The Department’s Continued Focus on Eligibility Requirements

The Department has issued press releases regarding the settlements agreements and voluntary claims reprocessing and made the settlement agreements publicly available.  By doing so, the Department has made clear its view on carriers’ fiduciary obligation to confirm eligibility for coverage within 90 days of accepting premium for such coverage.  Further, the Department has made clear that, going forward, group life insurance carriers’ practices regarding eligibility for coverage will continue to be an area of focus for the Department.  The Department’s press releases specifically state that its investigation of other carriers’ practices relating to EOI are “ongoing.”

The Department’s focus on carriers’ practices related to eligibility may not be limited to EOI.  In the recent press releases, Department officials have stated that the Department will take “appropriate action” against carriers that collect “regular premium payments” and later deny benefit claims “based on technicalities” after the participant passes away.  Indeed, the Department’s recent settlement agreement with one carrier included terms related to another eligibility issue identified in the course of its investigation.[1] 

GROOM INSIGHT:  The Department’s recent statements regarding eligibility criteria generally indicate that the Department may soon shift its focus to carriers’ practices related to eligibility criteria other than EOI.  Carriers should carefully review policy terms related to eligibility determinations.  To the extent a carrier determines that a participant is not eligible for coverage for which the carrier received premium, the carrier’s denial of the claim may give rise to a breach of fiduciary duty claim.

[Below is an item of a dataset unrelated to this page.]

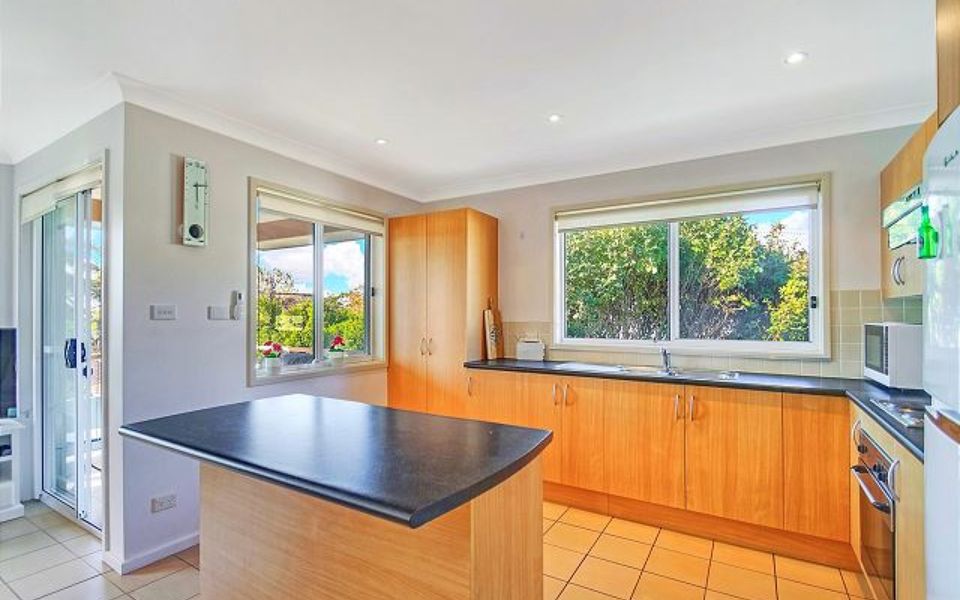 Ann8/20 – Bella on Jervis by Experience by Jervis Bay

Further, employers should consider assessing their ongoing risk related to eligibility criteria, including any potential risk associated with their processes for administering the enrollment and billing processes.  As previously noted, the settlement agreements make clear that employers may be liable to beneficiaries to the extent the employer collects premium for coverage for which EOI is required without first confirming that the carrier has approved EOI.  Employers also may be subject to suit by their carrier.  One of the recent settlements specifically provides that the carrier may assert claims against the policyholder due to its failure to properly administer eligibility criteria.

In sum, eligibility criteria remain a hot issue for group life insurance carriers and employers, and it is likely that we will continue to see activity by the Department and private litigants in this area in the near future.  We are continuing to monitor these developments.


[1] Id.

DISCLAIMER: Because of the generality of this update, the information provided herein may not be applicable in all situations and should not be acted upon without specific legal advice based on particular situations.